In this analysis of body weight, body mass index, overweight and obesity in 6 consecutive cohorts of children at school entry during 1997-2002, we found an overall decrease of mean body weight, BMI and proportions of overweight and obesity. These results are contrasting with several other studies among schoolchildren suggesting an increase of weight, BMI, overweight and obesity in Germany [17], [20], [21], [22], [23], [24]. The periods of investigation in most of these studies ended between 1995-1999, which might be an explanation of the different result in our study ending in 2002. When we looked at our results between 1997-1999, we also found an increase of BMI and body weight up to 1999 compared to 1997, which is similar to most previous studies in Germany [17], [22], [24]. The new aspect of our study is the decline of BMI and weight after 1999 which was happening along with a decline in height between the years 1997-2002. However, the decline of height is in line with a study among schoolchildren in Jena, Germany, carried out by Zellner et al. who reported a leveling off phenomenon of the secular increases of height after 1995 [20]. Apart from the question what is the general trend in Germany as a whole it could be that different trends occur regionally.

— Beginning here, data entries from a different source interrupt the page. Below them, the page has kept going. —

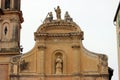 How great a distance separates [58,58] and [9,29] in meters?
7.42

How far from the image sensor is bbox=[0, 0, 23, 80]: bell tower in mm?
45600

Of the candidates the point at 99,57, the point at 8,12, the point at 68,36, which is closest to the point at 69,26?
the point at 68,36

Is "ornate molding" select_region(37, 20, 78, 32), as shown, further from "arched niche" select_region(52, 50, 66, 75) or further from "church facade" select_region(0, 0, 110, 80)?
"arched niche" select_region(52, 50, 66, 75)

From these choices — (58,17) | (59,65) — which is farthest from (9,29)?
(59,65)

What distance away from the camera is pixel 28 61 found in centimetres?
4244

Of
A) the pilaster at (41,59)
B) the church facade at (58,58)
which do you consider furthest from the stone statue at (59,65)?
the pilaster at (41,59)

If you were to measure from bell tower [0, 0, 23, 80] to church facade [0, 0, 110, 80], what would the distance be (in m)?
1.19

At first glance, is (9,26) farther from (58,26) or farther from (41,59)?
(41,59)

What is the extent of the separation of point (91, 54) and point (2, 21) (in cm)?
1067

The rather large changes in weight measures between the years of investigation call for some attention. A single standard scale was used in the study for the assessment of weight which was controlled for accuracy every second year. This was especially between the two years with the highest mean weight. Given the retrospective nature of this investigation we cannot rule out that systematic measurement error contributed to the observed changes. However, another explanation of the changes in weight measures could be that there is more variability between cohorts than the precision of formal significance testing would allow for.

Many studies evaluated differences in somatic development of children in relation to social background [25], [26], [27], [28]. These studies show that poverty can be associated with a decrease in height and obesity. Since we did not record variables to define social class properly, we cannot evaluate direct effects of social factors on height and weight related measures in our study. However, if we consider the stable socioeconomic status of the general population in the study district Dingolfing-Landau [19], we can assume that the decrease of height, weight and BMI during the study period is likely not to be affected by social factors in this study. Since this preliminary conclusion is based on ecological data, further studies considering social factors on the individual level of the study subjects are needed to investigate long-term trends.

We found that age and gender distribution had impact on body weight, BMI, overweight and obesity in cohorts of children at school entry. Previous studies on risk factors and prevalence of overweight and obesity looking at long-term changes over decades did not consider differing structures of the cohorts as potential confounders of their study results [17], [20], [21], [22], [24].

In conclusion, covariates such as age and gender should be considered in future studies on time trends of various weight-related measures. Furthermore, the analysis of the impact of covariates in our study gained even more importance when separate analyses for each year of examination were carried out. In these analyses overweight was affected by age in all years, whereas obesity was affected by age only in one year of examination. Future studies are needed to investigate whether decreased weight-related measures at the end of the last century are going to be continued in this century.